---- INFORMATION PROVIDED

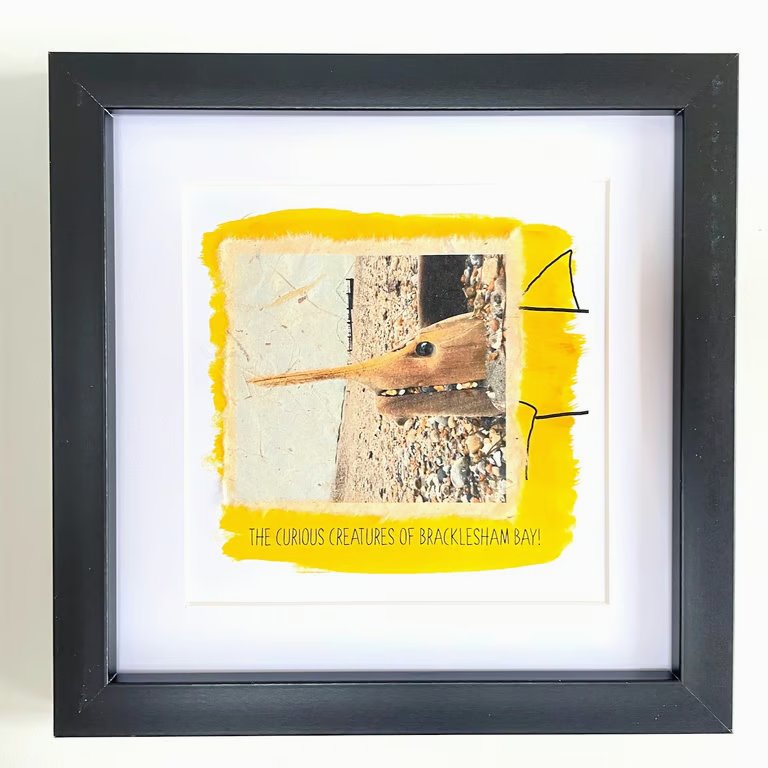 Shark; framed image, mounted, and printed on card and handmade paper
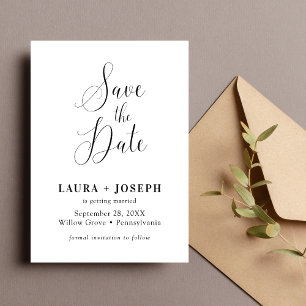 Save The Date Écriture calligraphique minimaliste blanche person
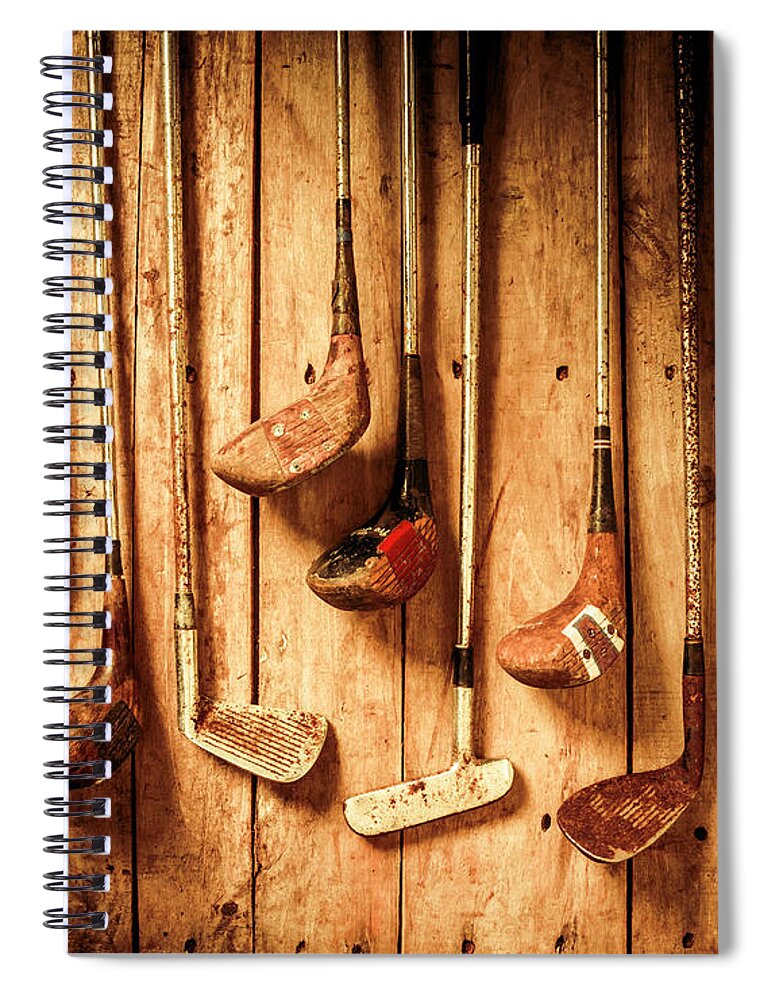 Golf Spiral Notebook featuring the photograph Clubhouse legends by Jorgo Photography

--------

• ACTION ITEM:
Copy out the data verbatim, excluding the pictures.

• RESULT FOR THIS EXERCISE:
 Shark; framed image, mounted, and printed on card and handmade paper
 Save The Date Écriture calligraphique minimaliste blanche person
 Golf Spiral Notebook featuring the photograph Clubhouse legends by Jorgo Photography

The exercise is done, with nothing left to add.